Last night I dreamed that Neil Young showed me around his farm while a platypus chased feral cats into a dark lake. It had a strange kind of beauty. I’m not really into Neil Young, but he was there alright, staring deep into my eyes from under the brim of his black hat. But that’s enough of listening to my dreams. There are only a couple of things more boring than listening to other’s dreams. Hearing about their holidays is one of them. I can’t remember the other, but I won’t burden you with any more hatred today. We have enough of that to coat the world in a six inch thick bloodied soup.
I am alive. Was close at one point last night, but I made it and now I’m sitting here half typing and half watching a Robin pecking at my window like he’s tapping out a morse code message. I wish I could understand him. I’m groggy from the meds, but I don’t feel so bad or mixed up. This is time to grab with both hands and make use of. The clock is ticking – I hear it when the music stops to move on to the next song – and my heart beats slowly today. Built to Spill are on the speaker. The yellow flowers directly outside are a little more vivid, alive, and I don’t feel disconnected from them.
When I have a near miss I’m always surprised by the lack of care about it the next day. I mean, these things are pretty large events for anyone yet I’m thinking about it with too little regard. I guess it’s like anything in life: too much of something takes the edge and the feel of it away. You become conditioned, blasé, over-familiar. In time maybe I’ll break down and let it all wash around in my head and get to where it can be dealt with. I’m not looking forward to that day, should it ever arrive. Who would? Some people choose not to swim with sharks. And some will be lucky enough to never see the sea at all. It’s how you stay alive to tell wild made-up stories on facebook about how great your life is.
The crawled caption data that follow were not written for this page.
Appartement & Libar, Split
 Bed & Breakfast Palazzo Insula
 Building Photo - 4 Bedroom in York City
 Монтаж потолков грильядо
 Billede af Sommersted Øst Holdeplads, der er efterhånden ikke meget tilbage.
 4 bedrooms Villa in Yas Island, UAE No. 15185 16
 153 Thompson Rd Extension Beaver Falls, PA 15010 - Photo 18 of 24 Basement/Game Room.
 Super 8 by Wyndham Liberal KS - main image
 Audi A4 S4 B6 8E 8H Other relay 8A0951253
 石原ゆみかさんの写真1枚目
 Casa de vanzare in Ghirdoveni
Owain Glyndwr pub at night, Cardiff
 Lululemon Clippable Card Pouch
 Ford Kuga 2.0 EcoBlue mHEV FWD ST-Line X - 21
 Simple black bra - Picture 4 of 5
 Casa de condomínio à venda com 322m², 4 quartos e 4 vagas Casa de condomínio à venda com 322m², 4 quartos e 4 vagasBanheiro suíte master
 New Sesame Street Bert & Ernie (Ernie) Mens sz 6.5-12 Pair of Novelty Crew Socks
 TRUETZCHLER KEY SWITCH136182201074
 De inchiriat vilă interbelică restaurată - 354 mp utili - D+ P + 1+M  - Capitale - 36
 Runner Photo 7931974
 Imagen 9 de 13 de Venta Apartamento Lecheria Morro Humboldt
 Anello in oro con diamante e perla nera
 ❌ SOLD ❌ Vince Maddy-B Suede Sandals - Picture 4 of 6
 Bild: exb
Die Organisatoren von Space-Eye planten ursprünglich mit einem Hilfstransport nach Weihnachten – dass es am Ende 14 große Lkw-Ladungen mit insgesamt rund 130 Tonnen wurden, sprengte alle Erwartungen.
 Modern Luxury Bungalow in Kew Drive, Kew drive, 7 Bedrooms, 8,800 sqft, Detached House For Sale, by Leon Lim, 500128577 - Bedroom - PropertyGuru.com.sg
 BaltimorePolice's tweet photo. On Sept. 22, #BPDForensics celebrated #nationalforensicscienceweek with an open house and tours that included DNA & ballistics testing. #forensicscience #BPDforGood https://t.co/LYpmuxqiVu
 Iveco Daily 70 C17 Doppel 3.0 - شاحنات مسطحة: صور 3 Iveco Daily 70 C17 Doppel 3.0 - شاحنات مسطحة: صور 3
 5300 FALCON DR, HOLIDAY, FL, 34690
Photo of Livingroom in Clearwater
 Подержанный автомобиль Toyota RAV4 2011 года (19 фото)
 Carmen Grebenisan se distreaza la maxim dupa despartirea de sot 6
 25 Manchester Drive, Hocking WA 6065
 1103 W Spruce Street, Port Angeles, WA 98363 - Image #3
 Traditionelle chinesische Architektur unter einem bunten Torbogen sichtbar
But we’re not that naïve. You and I know the truth. Anybody who has seen the same jumping off point as I stood on last night understands the true horror of simply being alive. It’s all fins and dark water, and rip-tides pulling you from the white beach into somewhere you hadn’t planned on being, ever.
No. We are the initiated. We have gold card membership. I’m not going to apologise for it, either. This is a select club. We are picky about who joins, and for what reasons. This is for all of you who – no matter how hard it was – turned around and made it back.